Even though the court below dealt with the defendant's above act as an attempted discontinuance, it cannot be said that it affected the judgment by misunderstanding the legal principles as to the attempted discontinuance. This issue is well-grounded, and the judgment of the court below should be reversed in this point without having to make a decision on the remaining grounds for appeal of the prosecutor and the grounds for appeal of the defendant's defense counsel. Thus, this Court decided to reverse the judgment of the court below against the defendant pursuant to Article 364 (2) of the Criminal Procedure Act, and changed the facts charged against the defendant to the preliminary conspiracy for murder, and its applicable legal provisions also changed to Articles 255 and 250 of the Criminal Act. Thus, this Court shall be decided again after pleading as follows.

(Criminal) The Defendant was a person engaged in agriculture in a residential area. The Defendant was a person who is engaged in agriculture in the same village, and the victim Nonindicted Party 1 conspired to complete the payment of the raw water of Nonindicted Party 1 and Nonindicted Party 4 on May 30, 1967, and the Defendant’s pro-friendly Nonindicted Party 3, the Defendant was also detained by the above kimchi agreement inasmuch as Nonindicted Party 3, who was the Defendant’s pro-friendly son from the village, has cut down about one percent of the standing timber without permission on May 1967. When Nonindicted Party 4, who was the Defendant’s father, was fluored and died, the Defendant conspired to do so on the part of Nonindicted Party 1 and Nonindicted Party 4 on May 30, 1967, and had the opportunity to do so.

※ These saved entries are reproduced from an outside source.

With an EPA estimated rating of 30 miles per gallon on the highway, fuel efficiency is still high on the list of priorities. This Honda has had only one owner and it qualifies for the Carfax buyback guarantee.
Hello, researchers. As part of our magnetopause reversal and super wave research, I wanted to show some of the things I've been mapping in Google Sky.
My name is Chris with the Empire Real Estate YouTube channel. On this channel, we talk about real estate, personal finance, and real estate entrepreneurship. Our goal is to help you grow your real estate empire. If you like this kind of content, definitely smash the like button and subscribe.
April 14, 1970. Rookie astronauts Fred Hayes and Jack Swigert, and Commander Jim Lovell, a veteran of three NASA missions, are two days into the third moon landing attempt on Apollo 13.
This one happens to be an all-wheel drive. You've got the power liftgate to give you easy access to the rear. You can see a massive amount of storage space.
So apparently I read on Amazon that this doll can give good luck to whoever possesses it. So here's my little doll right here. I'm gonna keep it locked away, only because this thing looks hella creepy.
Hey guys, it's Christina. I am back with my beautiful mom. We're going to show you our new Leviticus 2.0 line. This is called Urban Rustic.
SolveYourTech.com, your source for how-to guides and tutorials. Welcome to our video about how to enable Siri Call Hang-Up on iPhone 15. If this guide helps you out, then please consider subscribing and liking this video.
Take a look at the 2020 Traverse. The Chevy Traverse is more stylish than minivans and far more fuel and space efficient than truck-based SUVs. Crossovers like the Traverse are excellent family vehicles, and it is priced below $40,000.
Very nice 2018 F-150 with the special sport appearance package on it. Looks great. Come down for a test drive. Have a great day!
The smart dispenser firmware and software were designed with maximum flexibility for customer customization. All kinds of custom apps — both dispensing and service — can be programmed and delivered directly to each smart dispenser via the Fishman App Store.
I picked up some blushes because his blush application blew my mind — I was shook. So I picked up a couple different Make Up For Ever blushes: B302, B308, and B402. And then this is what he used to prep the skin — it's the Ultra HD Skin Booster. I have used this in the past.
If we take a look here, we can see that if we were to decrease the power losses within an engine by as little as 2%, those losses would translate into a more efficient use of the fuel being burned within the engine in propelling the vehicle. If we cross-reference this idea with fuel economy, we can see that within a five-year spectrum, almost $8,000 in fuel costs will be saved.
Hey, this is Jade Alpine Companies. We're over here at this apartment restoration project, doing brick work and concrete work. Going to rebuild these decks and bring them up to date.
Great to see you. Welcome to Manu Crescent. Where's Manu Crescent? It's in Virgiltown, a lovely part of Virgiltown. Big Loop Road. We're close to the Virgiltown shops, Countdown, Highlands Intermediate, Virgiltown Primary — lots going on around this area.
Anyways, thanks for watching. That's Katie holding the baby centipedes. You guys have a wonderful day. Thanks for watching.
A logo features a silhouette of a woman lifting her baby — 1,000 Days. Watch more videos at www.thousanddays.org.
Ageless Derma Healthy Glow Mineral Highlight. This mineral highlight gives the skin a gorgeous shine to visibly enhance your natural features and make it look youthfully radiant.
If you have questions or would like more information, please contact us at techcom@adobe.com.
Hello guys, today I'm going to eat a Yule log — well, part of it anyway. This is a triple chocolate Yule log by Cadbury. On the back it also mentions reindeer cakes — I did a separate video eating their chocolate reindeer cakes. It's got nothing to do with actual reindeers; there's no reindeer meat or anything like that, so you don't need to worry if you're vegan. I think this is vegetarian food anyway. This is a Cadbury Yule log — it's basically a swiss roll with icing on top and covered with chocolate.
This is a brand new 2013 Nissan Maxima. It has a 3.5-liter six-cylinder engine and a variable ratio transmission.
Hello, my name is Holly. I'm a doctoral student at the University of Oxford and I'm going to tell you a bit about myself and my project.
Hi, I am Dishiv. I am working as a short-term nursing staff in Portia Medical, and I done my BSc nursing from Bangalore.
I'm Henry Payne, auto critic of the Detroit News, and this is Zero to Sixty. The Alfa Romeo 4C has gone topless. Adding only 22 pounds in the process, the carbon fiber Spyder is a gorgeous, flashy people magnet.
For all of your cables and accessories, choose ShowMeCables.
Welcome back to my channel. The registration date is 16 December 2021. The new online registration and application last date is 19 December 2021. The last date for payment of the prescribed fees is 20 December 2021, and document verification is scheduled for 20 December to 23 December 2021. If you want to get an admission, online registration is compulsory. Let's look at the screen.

(1) On July 27, 1967, Nonindicted Party 1 was carrying trees on a fluor, and out of the Dong Ri, the Defendant et al. had the opportunity to return to the fluor late, and had the fluoral fluoral fluoral fluoral fluoral fluoral fluoral at the fluoral fluoral fluoral fluoral fluoral at the fluoral fluoral fluoral fluoral fluoral fluoral fluoral, the Defendant et al. was able to kill the fluoral fluoral fluor, and the Defendant et al. had the fluoral fluoral fluoral fluor flus

The Defendants reported that Nonindicted 1, on August 24, 24 of the same year (former July 9, 200, hereinafter referred to as the “Nonindicted 1”) had 2 mecherba and left the dynamic dialogue market, and thought that she would murder by using an opportunity that she would return late, 8:30 p.m. on that day, Co-Defendant 1 of the lower court had a knick gun and live ammunition, and the Defendant was waiting in the knick field of the knbsle of the above implied streets, while she was waiting in the knbsle of the knbsle, the Nonindicted 1

Article 22(1) of the Criminal Procedure Act provides that the Defendants are able to kill, and that the Defendants were able to kill, and that they were able to kill, and that Non-Indicted 1 was able to kill, and that Non-Indicted 1 was able to kill, and that Non-Indicted 1 was able to kill, and that Non-Indicted 1 was able to kill.

(Evidence Relationship)

1. The part of the statements that correspond to the facts of the judgment prior to the remanding of the Defendants and the judgment of the court below

1. Each protocol of interrogation of the suspect as to the Defendants and Non-Indicted 5 as to the prosecutor's protocol of interrogation as to Non-Indicted 5

1. Records corresponding to each judgment in the records of seizure and verification of affairs conducted by judicial police officers;

(Application of Law)

The court below's judgment (general 1 crime) falls under Articles 255 and 250 (1) of the Criminal Act, and thus, the defendant shall be sentenced to three years of imprisonment within the prescribed term of punishment, and 160 days of detention prior to the pronouncement of judgment in the court of first instance against the defendant under Article 57 of the same Act shall be included in the above punishment.

It is so decided as per Disposition for the above reasons.